Step 3: Calculate the variance of $U$

$$ \begin{align*} Var[U] & =E[U^2]-(E[U])^2 \\
& = 33.33 – 25 = 8.33 \end{align*} $$

Step 4: Calculate the Standard deviation

$$ \sigma_U=\sqrt{8.33}=2.89 $$

The Coefficient of Variation

The coefficient of variation (CV) is a standardized measure of relative risk, representing the ratio of the standard deviation to the mean, and is especially valuable when comparing the risk of two different investments or assets. It provides a dimensionless measure, allowing for a direct comparison of variation between datasets that might have different units or scales. In the fields of finance and insurance, the CV is instrumental in determining the volatility of investments or the reliability of financial models, respectively. It’s particularly important for financial analysts and insurance actuaries when they are assessing the relative risk of different ventures, determining policy premiums, or analyzing asset diversification in portfolios.

Mathematically,

$$ C.V.=\frac{\sigma}{\mu} $$

Example 8: Calculating Coefficient of Variation

From example 6 above, $\sigma=\frac{2}{9}$ and $\mu=43$.

Thus,

$$ C.V.=\frac {\sigma}{\mu}=\frac{\frac{2}{9}}{\frac {4}{3}}=\frac{1}{6} $$

Example 9: Calculating the Coefficient of Variation

The independent random variables $X$ and $Y$ have the same mean. The coefficients of variation of X and Y are 2 and 5 respectively.

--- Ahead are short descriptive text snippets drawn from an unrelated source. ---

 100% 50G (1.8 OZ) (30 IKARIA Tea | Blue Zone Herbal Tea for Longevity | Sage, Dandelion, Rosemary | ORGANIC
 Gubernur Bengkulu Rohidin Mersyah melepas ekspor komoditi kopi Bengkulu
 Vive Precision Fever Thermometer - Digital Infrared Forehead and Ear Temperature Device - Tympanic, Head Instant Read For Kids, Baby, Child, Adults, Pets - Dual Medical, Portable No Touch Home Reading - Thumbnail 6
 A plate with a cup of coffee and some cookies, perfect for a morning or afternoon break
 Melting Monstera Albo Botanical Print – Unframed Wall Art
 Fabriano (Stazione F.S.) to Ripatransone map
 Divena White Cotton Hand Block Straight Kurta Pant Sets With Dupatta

Calculate the coefficient of variation of $\frac{1}{3}(X + Y)$.

Solution

Let $\mu$ be the common mean. Given the coefficients of variation, the standard deviations of $X$ and $Y$ are $2\mu$ and $5\mu$ respectively.

The mean of $\frac{1}{3}(X + Y) = \frac{1}{3}\left(\mu+\mu\right)=\frac{2}{3}\mu$

The variance is given by $Var(\frac{1}{3}(X + Y))$ which is equivalent to $\frac{1}{9}Var(X+Y)$

Discrete Probability Distributions

Binomial Distribution

Let $X$ be the random variable representing the number of successes in $n$ independent trials where each trial ends in either a success or failure. Let $p$ denote the probability of a success and $q=1-p$ denote the probability of a failure. Then $X$ is said to be a binomial random variable with parameters $n$ and $p$ denoted as $X\sim Bin\left(n, p\right)$.

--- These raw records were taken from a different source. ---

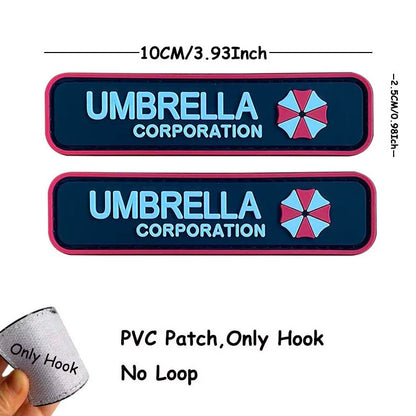 1PC,2PCS/ Umbrella Corporation PVC Rubber Morale Emblem,Biohazard Insignia Applique Embroidered patches,Tactical Backpack Badges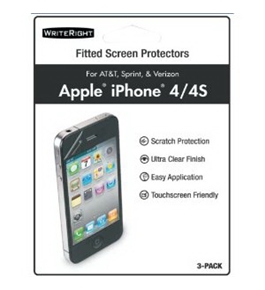 WriteRight 9224401 iPhone 4/4S Fitted Screen Protectors - 3 Pack - Retail Packaging - Clear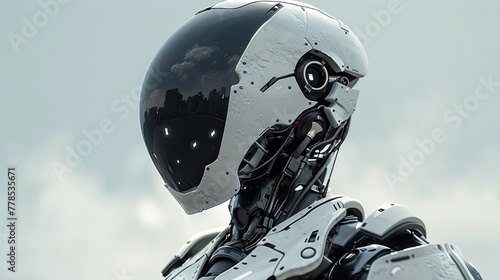 Futuristic Robotic Figure with Metallic Body and Glowing Interface
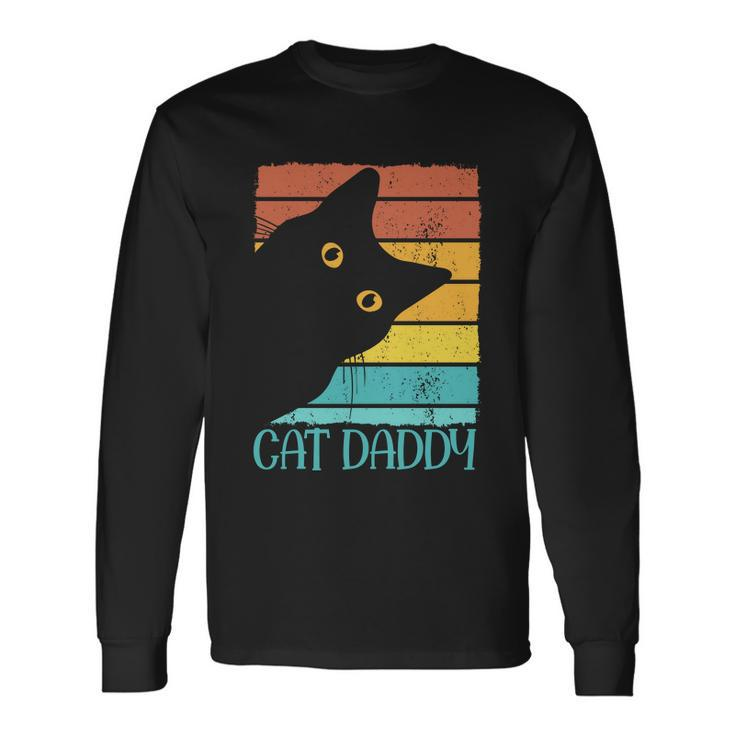 Vintage Cat Daddy Cat Lover Cat Dad Fathers Long Sleeve T-Shirt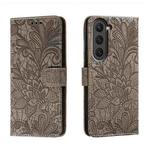 For Samsung Galaxy S23 5G Lace Flower Embossing Flip Leather Phone Case(Grey)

In other words, a binomial experiment is an experiment that consists of $n$ independent trials, each with a probability of success, $p$, and failure, $1-p$. The probability of success, $p$, is the same throughout the experiment.

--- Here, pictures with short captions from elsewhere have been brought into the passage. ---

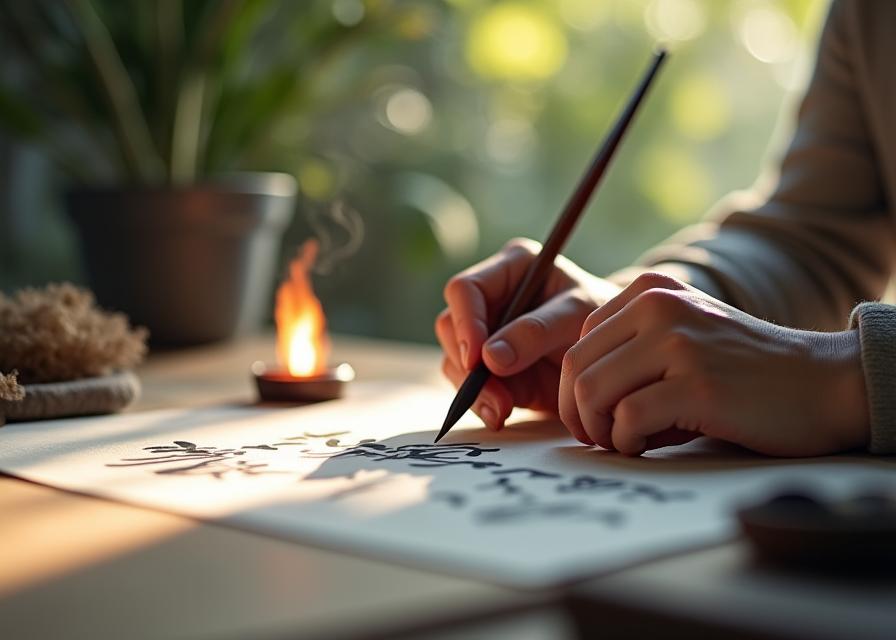 Mindful calligraphy meditation session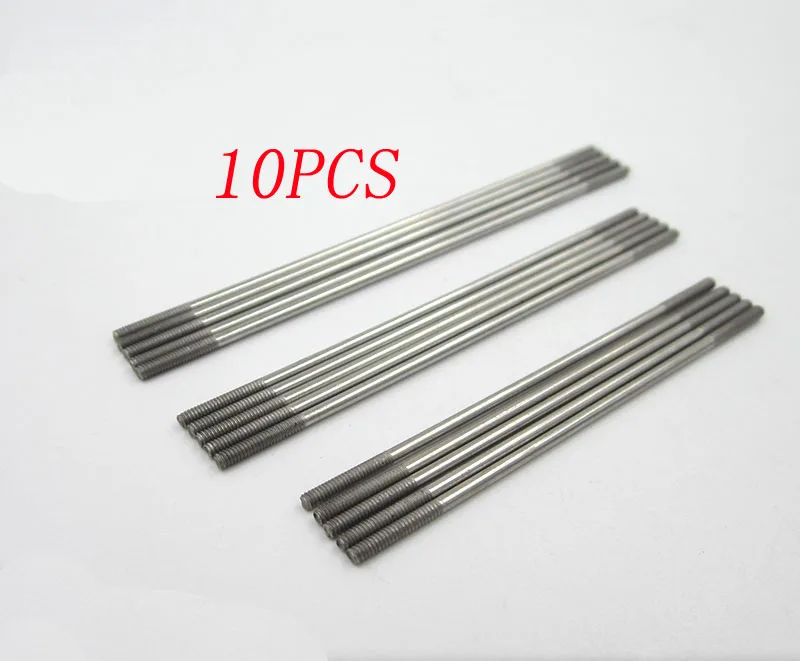 

10PCS M2 Metal Pull Rod Double-head Threaded Round Rod Shaft Axis Axles Connecting Level Spare Parts for RC Boat/Aircraft/Car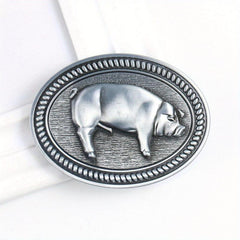 Wild Boar Oval Belt Buckle Vintage Metal Clasp Zodiac Animal Jeans Accessory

The probability mass function of a binomial distribution is given by:

$$ P\left(X=x\right)=\binom{n}{x}p^X\left(1-p\right)^{n-x},\ \ \ \ x=0, 1, 2, \ldots $$

The mean and variance of a binomial distribution are given by:

$$ \begin{align*} E\left(X\right)&=np \\
Var\left(X\right)&=np(1-p) \end{align*} $$

Bernoulli Distribution

The Bernoulli distribution is a special case of the binomial distribution with $n=1$, i.e., $X\sim Bin\left(1, p\right)$. The PMF of a Bernoulli distribution is given by:

$$ f\left(x\right)= \left\{ \begin{matrix} p,& x=1 \\ 1-p, & x=0 \end{matrix} \right. $$

The expected value and the variance of a Bernoulli random variable are given by:

$$ E\left(X\right)=p $$

And,

$$ Var\left(X\right)=p(1-p) $$

Example 10: Variance of a Binomial Distribution

At a local training institute, it has been observed that 1 out of every 6 students skips lunch during the lunch break. If a random sample of 10 students is taken from this institute, determine the variance of the number of students who skip lunch.

Solution

Let $X$ be the random variable for the number of students who skip lunch.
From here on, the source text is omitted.